Formatting and Length

  • One page maximum — approximately 250 to 300 words
  • Standard business letter format
  • Address the agent by name — never "Dear Agent"
  • Check the agency's submission guidelines and follow them exactly
  • Proofread obsessively — a typo in a query letter signals a sloppy manuscript

What to Avoid

  • Rhetorical questions — "Have you ever wondered what it would feel like to…?" is a cliché
  • Starting with backstory — begin with conflict, not context
  • Overselling — "This will be the next Gone Girl" marks you as an amateur
  • Plot summaries — a query is not a synopsis; do not recount every chapter
  • Unusual formatting — no coloured text, unusual fonts, or images
  • Begging or flattery — professionalism is more persuasive than desperation

Tailoring to Each Agent

A generic query letter reads like one.
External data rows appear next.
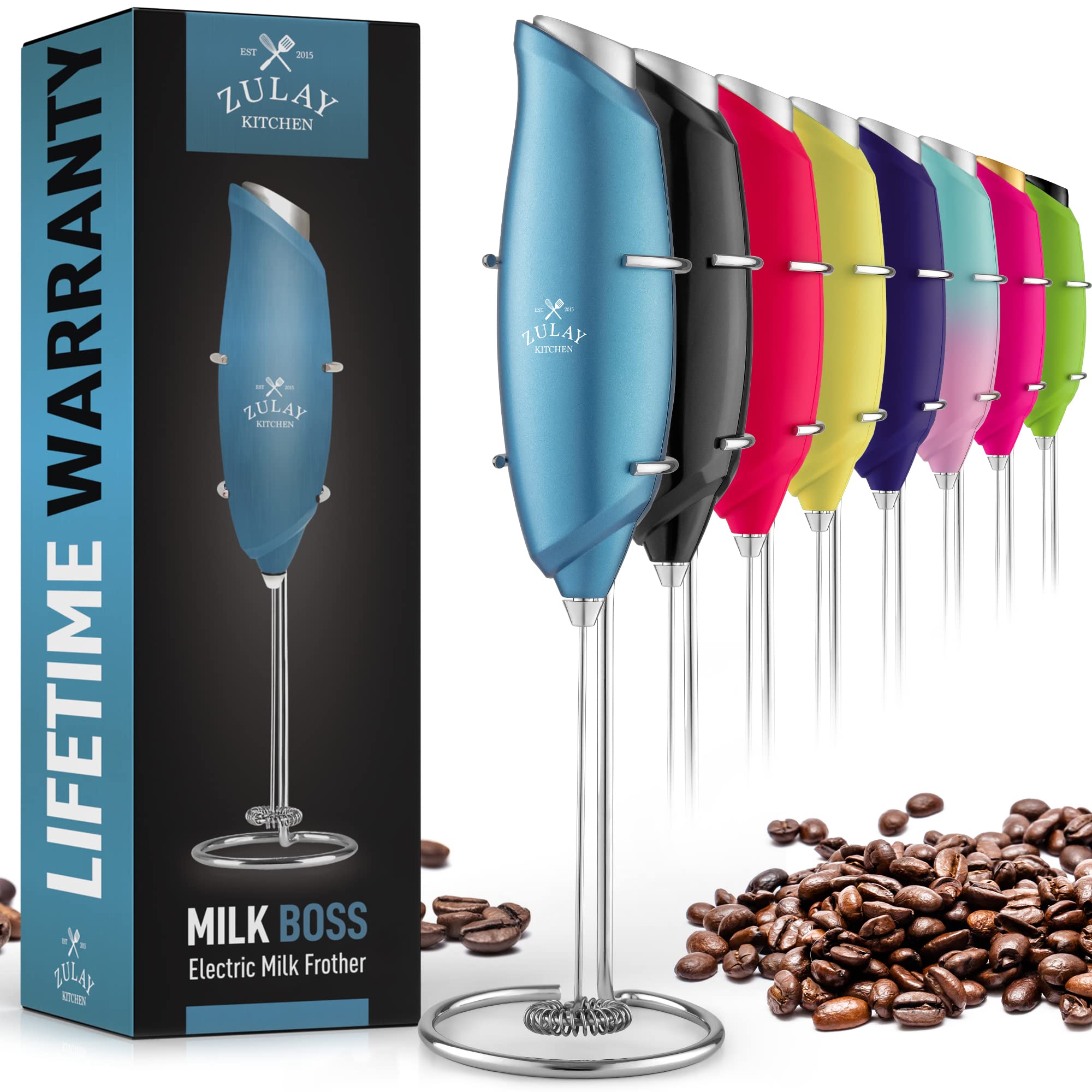 Zulay Kitchen Premium One-Touch Milk Frother for Coffee - Easy-Use Frother Handheld Foam Maker - Electric Whisk Drink Mixer for Cappuccino, Frappe, Matcha and Hot Chocolate (Metallic Ice Blue)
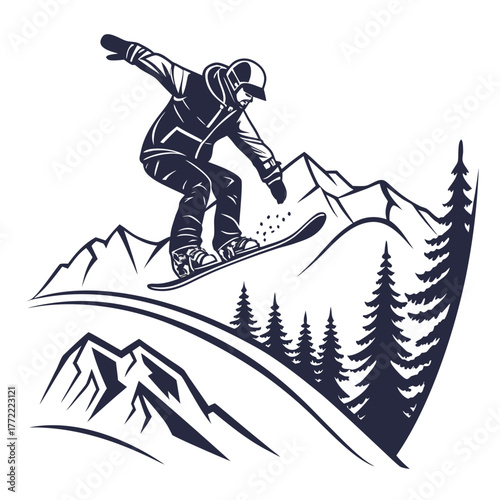 Dynamic silhouette of a snowboarder performing a jump amidst majestic snow capped mountains and evergreen trees against a white background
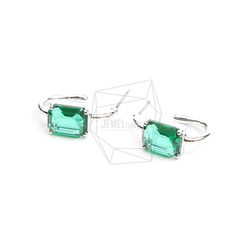 ERG-2325-R [2 件] 方形玻璃耳環，方形玻璃耳環 第2張的照片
Spend five minutes researching each agent you query: look at their current client list, any interviews they have given, and their submissions wish list. One or two sentences referencing their specific interests — "I noticed you represented X and are seeking psychological thrillers set in the UK" — can meaningfully increase your response rate.

Use our literary agent directory to find agents who represent your genre and research their submission preferences.

One Final Rule

Query the manuscript you have finished and revised, not the one you are planning to write. Agents who request a full manuscript expect to receive it within days. Do not query until you are ready.